The mean area of homes in a certain city built in 2009 was 2438 square feet. Assume that a simple random sample of 11 homes in the same city built in 2010 had a mean area of 2,293 square feet, with a standard deviation of 225 square feet. An insurance company wants to know if the mean area of homes built in 2010 is less than that of homes built in 2009. Compute the P-value of the test. Write down your P-value.
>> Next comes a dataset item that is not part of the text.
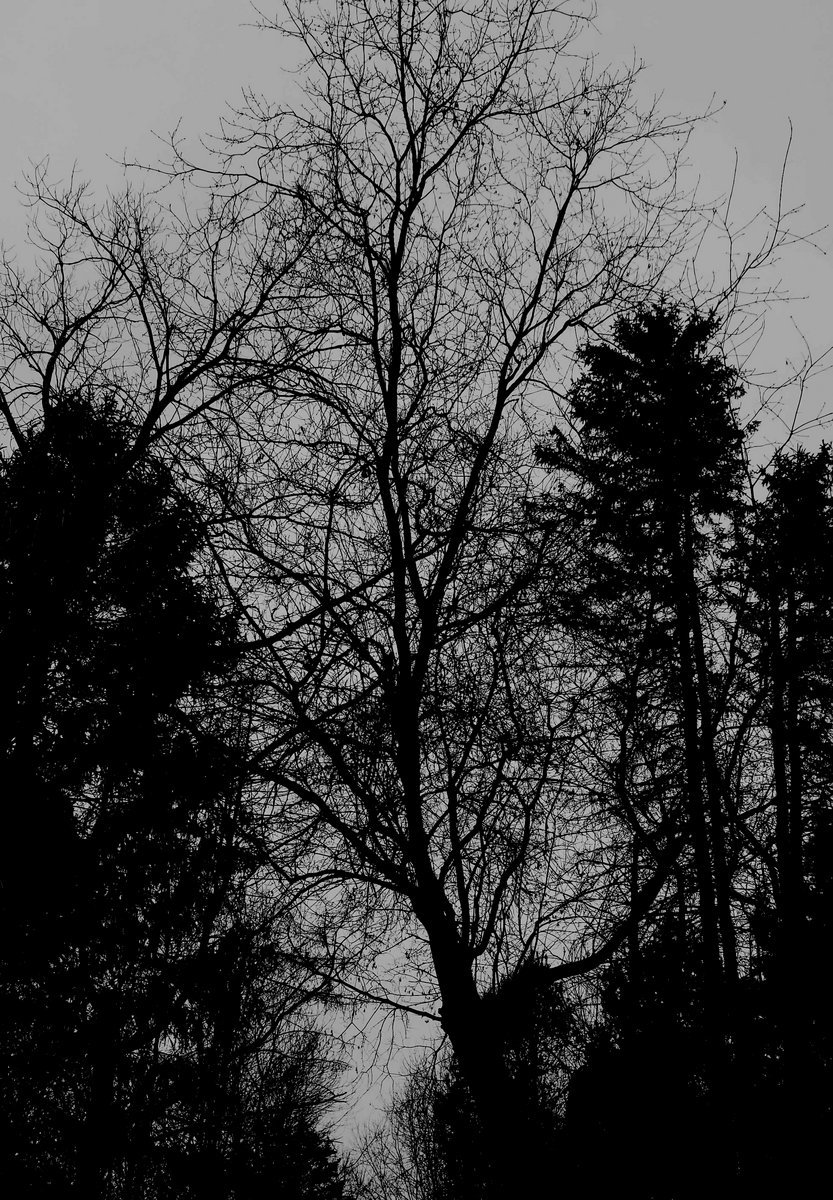 the temple of the false prophet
You will need it for the next question.

Answer 1

Answer:

The p-value of the test is 0.029.

Step-by-step explanation:

The mean area of homes in a certain city built in 2009 was 2438 square feet.
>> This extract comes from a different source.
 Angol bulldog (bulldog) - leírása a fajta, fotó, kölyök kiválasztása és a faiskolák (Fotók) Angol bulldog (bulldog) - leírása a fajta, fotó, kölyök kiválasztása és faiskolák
An insurance company wants to know if the mean area of homes built in 2010 is less than that of homes built in 2009.

This means that at the null hypothesis we test if the mean is the same as in 2009, that is:

$H_0: \mu = 2438$

At the alternate hypothesis, we test that if it is less, than is;

$H_a: \mu < 2438$

The test statistic is:

$t = \frac{X - \mu}{\frac{s}{\sqrt{n}}}$

In which X is the sample mean, $\mu$ is the value tested at the null hypothesis, s is the standard deviation and n is the size of the sample.

2438 is tested at the null hypothesis:

This means that $\mu = 2438$

Assume that a simple random sample of 11 homes in the same city built in 2010 had a mean area of 2,293 square feet, with a standard deviation of 225 square feet.

This means that $n = 11, X = 2293, s = 225$

Value of the test statistic:

$t = \frac{X - \mu}{\frac{s}{\sqrt{n}}}$

$t = \frac{2293 - 2438}{\frac{225}{\sqrt{11}}}$

$t = -2.14$

Compute the P-value of the test.

Probability of finding a mean less than a value(in this case, 2293) is a one-tailed test.

The pvalue is found for a one-tailed test, with t = -2.14 and 11 - 1 = 10 degrees of freedom. With the help of a calculator, the pvalue of the test is of 0.029

The p-value of the test is 0.029.